|COURT:||Delhi High Court|
|CORAM:||S. Muralidhar J, Vibhu Bakhru J|
|GENRE:||Domestic Tax, International Tax|
|CATCH WORDS:||royalty, software licensing|
|DATE:||January 19, 2016 (Date of pronouncement)|
|DATE:||January 25, 2016 (Date of publication)|
|FILE:||Click here to download the file in pdf format|
|S. 9(1)(vi): While consideration paid to acquire the right to use software is assessable as "royalty", payments made for purchase of software as a product is not for use or the right to use the software and is not assessable as "royalty"|
The Assessee had entered into a “VAR Agreement” with Track Health Pty. Limited, Australia (THPL). The assessee was required to promote, market and sell the Products in accordance with a business plan. The Assessee was entitled to use the software and source codes for a limited purposes to sell and promote the software for use by third parties; demonstrate the software to third parties; and to customise the software for the purposes of End Users. The said agreement further contains a number of covenants to ensure that the Intellectual Property Rights in respect of the software, related material and source codes remains with THPL. A plain reading of the aforesaid agreement indicates that the Assessee has been appointed for the purposes of reselling THPL’s software. The AO held that the said payment was assessable as “royalty” and that the assessee ought to have deducted tax at source. The CIT(A) and ITAT upheld the assessee’s claim that the Assessee was engaged in the resale of software and the payments made by it to THPL and others were on account of purchases made by the Assessee. On appeal by the department HELD dismissing the appeal:
(i) In the cases where an Assessee acquires the right to use a software the payment so made would amount to royalty. However in cases where the payments are made for purchase of software as a product, the consideration paid cannot be considered to be for use or the right to use the software. It is well settled that where software is sold as a product it would amount to sale of goods. In the case of Tata Consultancy Services v. State of Andhra Pradesh (2004) 271 ITR 401 (SC), the Supreme Court examined the transactions relating to the purchase and sale of software recorded on a CD in the context of the Andhra Pradesh General Sales Tax Act. The court held the same to be goods within the meaning of Section 2(b) of the said Act and consequently exigible to sales tax under the said Act. Clearly, the consideration paid for purchase of goods cannot be considered as ‘royalty’. Thus, it is necessary to make a distinction between the cases where consideration is paid to acquire the right to use a patent or a copyright and cases where payment is made to acquire patented or a copyrighted product/ material. In cases where payments are made to acquire products which are patented or copyrighted, the consideration paid would have to be treated as a payment for purchase of the product rather than consideration for use of the patent or copyright.

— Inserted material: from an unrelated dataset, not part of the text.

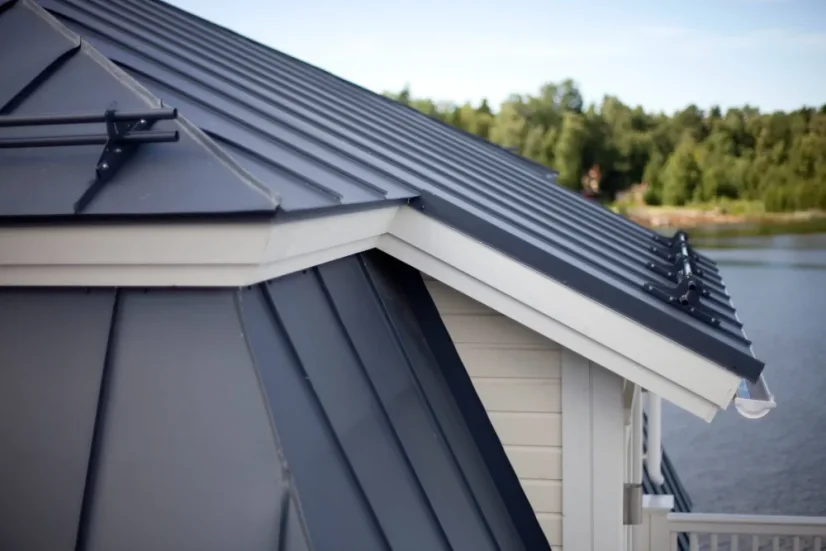 Delený zvitok na falcovanie Ruukki PLX 620 mm, hr. 0,6 mm, 1 m²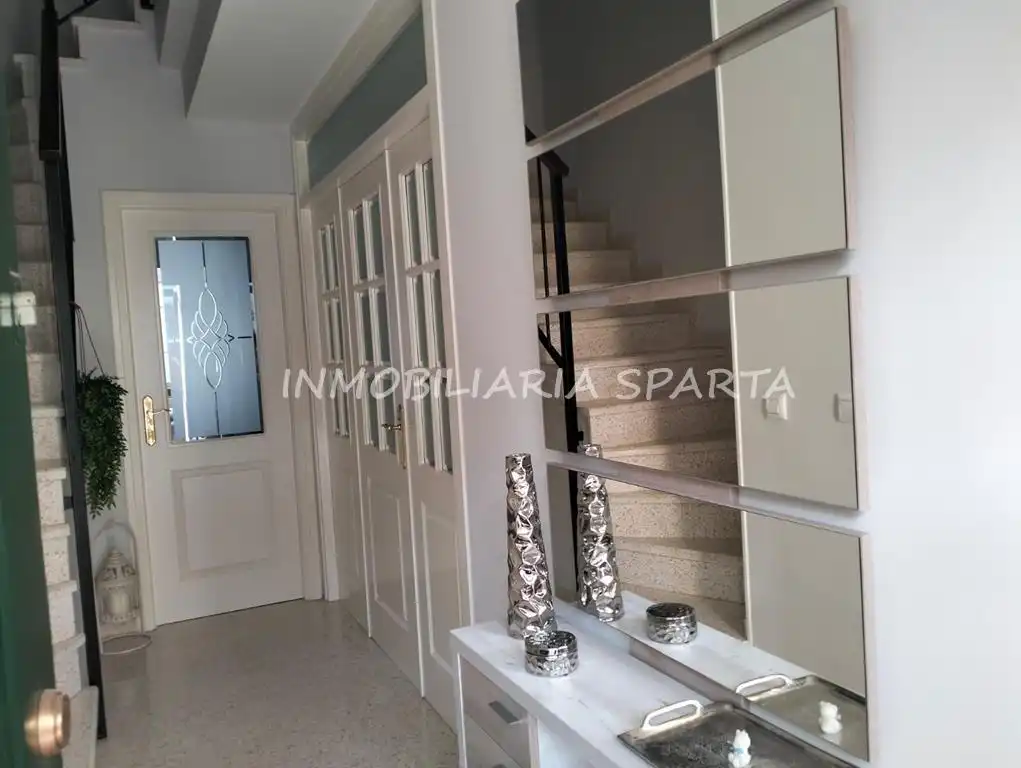 Casa adosada en venta en Coria del Río con Aire acondicionado, Terraza y Trastero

(ii) A Coordinate Bench of this Court has also expressed a similar view in the case of Director of Income Tax v. Infrasoft Ltd.: (2014) 220 Taxman 273 (Del). In that case, the Revenue sought to tax the receipts on sale of licensing of certain software as royalty. The Tribunal held that there was no transfer of rights in respect of the copyright held by the Assessee in the software and it was a case of mere transfer of copyrighted article. This Court concurred with the Tribunal and held that what was transferred was not copyright or the right to use a copyright but a limited right to use the copyrighted material and that did not give rise to any royalty income.
(iii) Insofar as the reliance placed by the Revenue on the decision of the Karnataka High Court in CIT v. Samsung Electronics Co. Ltd (2012) 345 ITR 494 (Kar) is concerned, a Coordinate Bench of this Court in Director of Income Tax v. Infrasoft Ltd.: (2014) 220 Taxman 273 (Del) has unequivocally expressed its view that it was not in agreement with that decision. Thus, the said decision is of no assistance to the Revenue in this case. In another case, CIT v. Dynamic Vertical Software India P. Ltd (2011) 332 ITR 222 (Del), this Court had reiterated the view that payment made by a reseller for the purchase of software for sale in the Indian market could by no stretch be considered as royalty.